■ **THE DATA**
═══
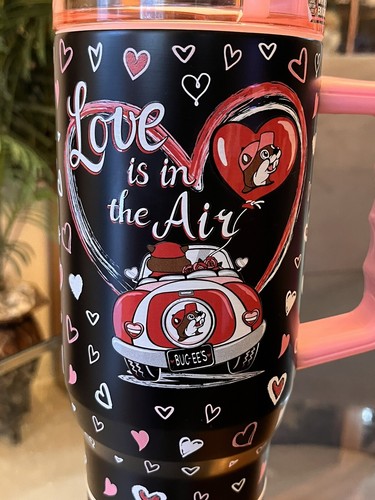 BUC-EE'S VALENTINES DAY Tumbler “LOVE IS IN THE AIR” Buc-ee’s New for 2025 40 oz - Picture 6 of 13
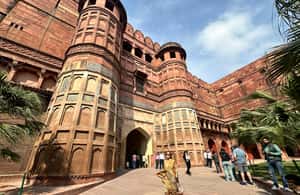 image n.3 of From Delhi: Private Taj Mahal, Agra Fort & Baby Taj Day Trip activity in Agra, uploaded by supplier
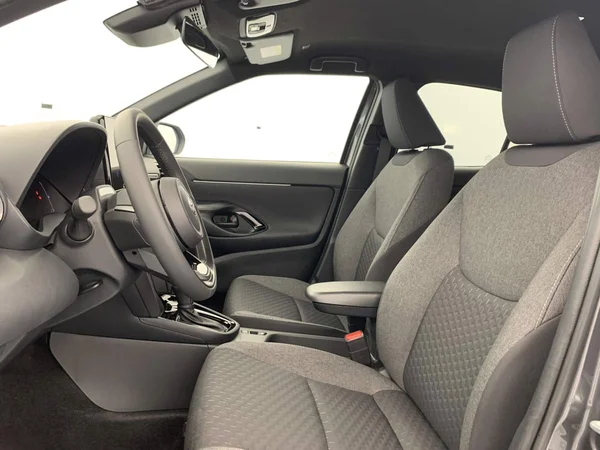 Toyota Yaris Cross Hybrid (HEV) (2026) — foto 13 van 25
═══
■ **PROBLEM REQUIREMENTS**
The whole listing should be restated word for word, with no pictures.

■ **TASK ANSWER**
 BUC-EE'S VALENTINES DAY Tumbler “LOVE IS IN THE AIR” Buc-ee’s New for 2025 40 oz - Picture 6 of 13
 image n.3 of From Delhi: Private Taj Mahal, Agra Fort & Baby Taj Day Trip activity in Agra, uploaded by supplier
 Toyota Yaris Cross Hybrid (HEV) (2026) — foto 13 van 25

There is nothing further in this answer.